◆ **Problem description**: The answer is the full listing below, copied exactly, with its pictures omitted.

◆ **Raw data**:
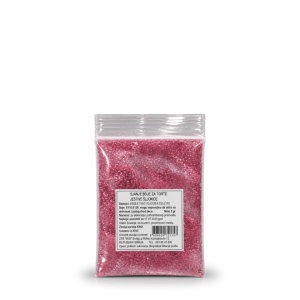Jestive šljokice - roze 2g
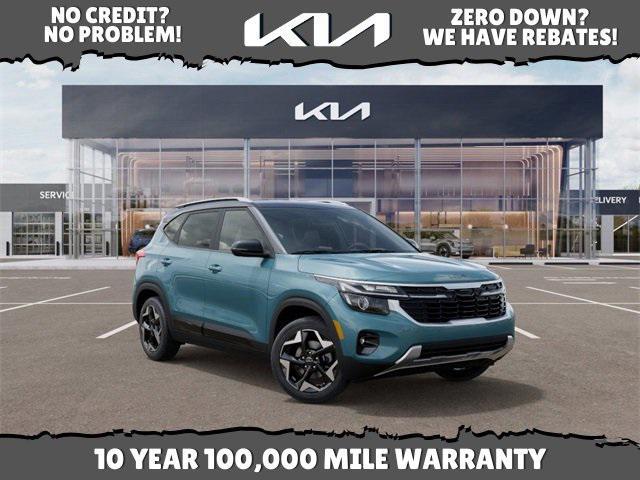 new 2025 Kia Seltos car, priced at $24,333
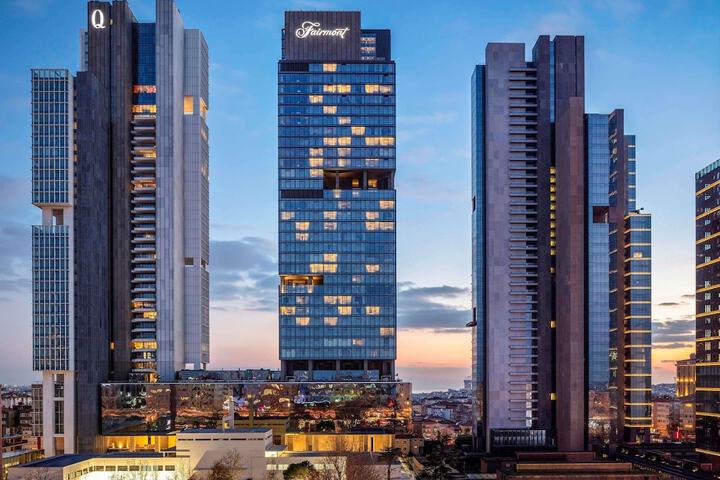 Fairmont Quasar Istanbul in Istanbul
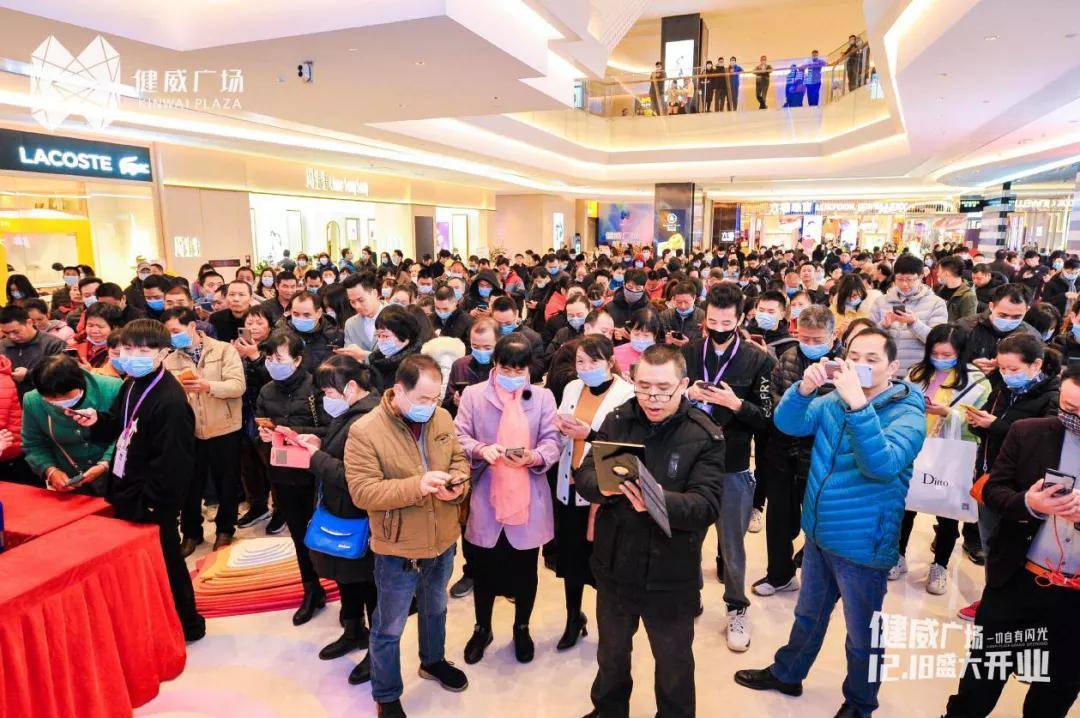 火爆全城,原来健威广场这座mall真有让人爱上此刻的魔力!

◆ **Solved exercise**:
Jestive šljokice - roze 2g
 new 2025 Kia Seltos car, priced at $24,333
 Fairmont Quasar Istanbul in Istanbul
 火爆全城,原来健威广场这座mall真有让人爱上此刻的魔力!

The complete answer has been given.